Hybrid working – It’s complicated!
One would imagine that it’s a ‘no brainer’. Let people work where they can be most productive.
But there are a few complications:
- The industrial factory model, underpinning many organisations today, focuses more on human activity than productivity.
- The industrial factory model, which is typically underpinned by a contract rather than trust, means that bosses would prefer to see their people being active than trust them to be productive.
- Whilst we have nailed the home working model, little attention has been given to ‘work homing’.
- There will always be a conflict of interest when the head of workplace design is also the head of real estate.
- Workplace design is typically based on battery hen farming principles. The aim is to get the most out of the workers, rather than get the best from them.

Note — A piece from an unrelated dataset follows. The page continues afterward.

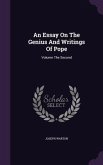 An Essay On The Genius And Writings Of Pope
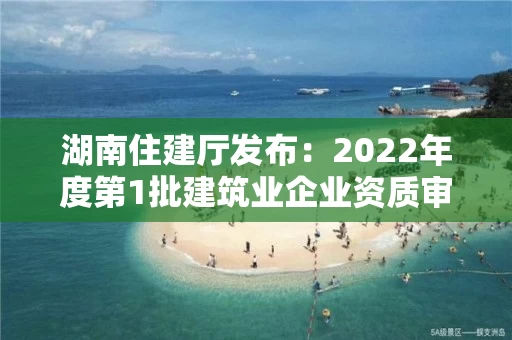 湖南住建厅发布：2022年度第1批建筑业企业资质审查合格名单的公告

- Homeplace design is typically not optimised for work. Masking tape has its limitations when it comes to muting pets and children. Retired parents / in-laws, unconstrained by the 9 to 5 regime, are not shy in respect of sharing the progress of their begonias with your webinar attendees by leaving long detailed voice mails on your landline recorder.

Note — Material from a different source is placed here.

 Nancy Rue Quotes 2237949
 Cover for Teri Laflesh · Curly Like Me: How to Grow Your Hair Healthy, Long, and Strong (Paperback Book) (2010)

- Property tycoons will no doubt put pressure on government to drive people back to the ‘factory’. Government itself is under pressure to ensure that inner cities don’t become economic wastelands. Neither of these actors has employer productivity in mind.
- The lack of HR representation in the leadership team means that where people work is less a matter of strategy and asset management (human capital) and more an exercise in employer brand management, or just another addition to the benefits ‘perk store’.
It is only when employers, HR and the government see the importance of productivity and employee wellness over activity and presenteeism, will people, government and business become aligned.